6.1.    De raad stelt in de eerste plaats dat het bestemmingsplan "Bedrijvenpark Mercator" in deze procedure niet de orde kan worden gesteld, omdat dit plan onherroepelijk is en wordt geacht rechtmatig te zijn.

Voor zover dit plan wel aan de orde kan worden gesteld, stelt de raad dat de bestreden planregeling geen eis is in de zin van artikel 15 van de Dienstenrichtlijn. Volgens de raad is met de planregeling niet beoogd om de vrijheid van vestiging voor (bepaalde) dienstverrichters te beperken. De raad heeft volgens hem voor de desbetreffende gronden zowel volumineuze als niet-volumineuze detailhandel niet bij recht mogelijk gemaakt, omdat het Mercatorterrein als bedrijventerrein is bestemd.

Indien wel sprake is van een eis in de zin van artikel 15 van de Dienstenrichtlijn, stelt de raad voorop dat Aldi de bewijslast draagt van de door haar gestelde strijd met artikel 15 van de Dienstenrichtlijn. De raad wijst in dat verband op de uitspraak van de Afdeling van 24 oktober 2018, ECLI:NL:RVS:2018:3471. Volgens de raad is de weigering om de bestreden planregel te herzien overigens in overeenstemming met de voorwaarden als bedoeld in artikel 15, derde lid, van de Dienstenrichtlijn. Ter onderbouwing van dat standpunt wijst de raad op de hiervoor genoemde Detailhandelsstructuurvisie, op de "Reactie Seinpost op effectstudie Rho Adviseurs inzake Aldi Dedemsvaart" van Seinpost Adviesbureau van 18 mei 2017 (hierna: reactie Seinpost) en op het "Deskundigenrapport verplaatsing Aldi Dedemsvaart gemeente Hardenberg" van Seinpost Adviesbureau van 20 november 2019 (hierna: deskundigenrapport Seinpost).
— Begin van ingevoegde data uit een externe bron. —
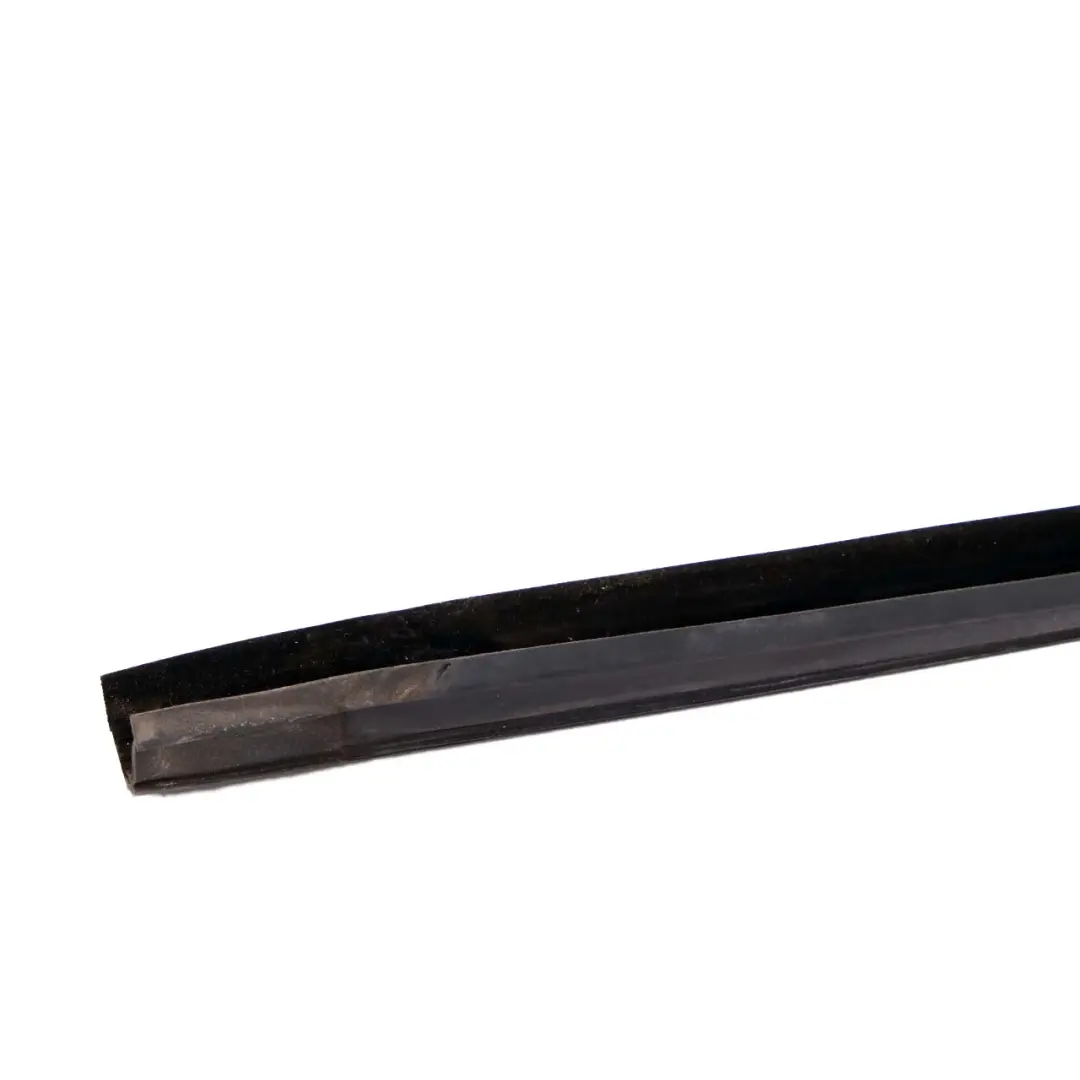 Mercedes W221 Porta anteriore sinistra Finestrino Guarnizione tenuta - SKU A2217253525 - Numero di parte A2217253525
6.2.    Op de gronden op het Mercator-terrein waar Aldi zich wenst te vestigen rust ingevolge het ter plaatse geldende bestemmingsplan "Bedrijvenpark Mercator" de bestemming "Bedrijfsgebied II".

6.3.    Artikel 7, onder 1, van de regels van dit plan luidt:

"De op de plankaart voor bedrijfsgebied II aangewezen gronden zijn bestemd voor:

a. lichte industrie, groothandel-, reparatie-, verhuur-, bouwnijverheid- en installatiebedrijven en dienstverlenende bedrijven, […];

b. horeca, uitsluitend voorzover het bedrijven betreft gericht op het verstrekken van dranken en/of etenswaren voor gebruik ter plaatse dan wel in de vorm van een zalenaccommodatie;

c. verkeer en verblijf;

d. groenvoorzieningen en water;

e. openbare nutsvoorzieningen.

Onder de bedrijfsactiviteiten is detailhandel uitsluitend begrepen voorzover deze is aan te merken als rechtstreeks voortvloeiend uit de activiteiten van het bedrijf en daaraan ondergeschikt is.

[…]."

Artikel 7, onder 7, luidt:

"Burgemeester en Wethouders kunnen vrijstelling verlenen voor de vestiging van detailhandel in volumineuze goederen:

[…]."

6.4.    Indien artikel 7 van de regels van het plan "Bedrijvenpark Mercator" wordt aangemerkt als eis in de zin van artikel 15 van de Dienstenrichtlijn, dient de weigering om de planregel vanwege deze eis te herzien te worden getoetst aan de voorwaarden van artikel 15, derde lid, van de Dienstenrichtlijn. De Afdeling ziet zich daarom allereerst gesteld voor de vraag of artikel 7 van de regels van het plan "Bedrijvenpark Mercator" een dergelijke eis bevat.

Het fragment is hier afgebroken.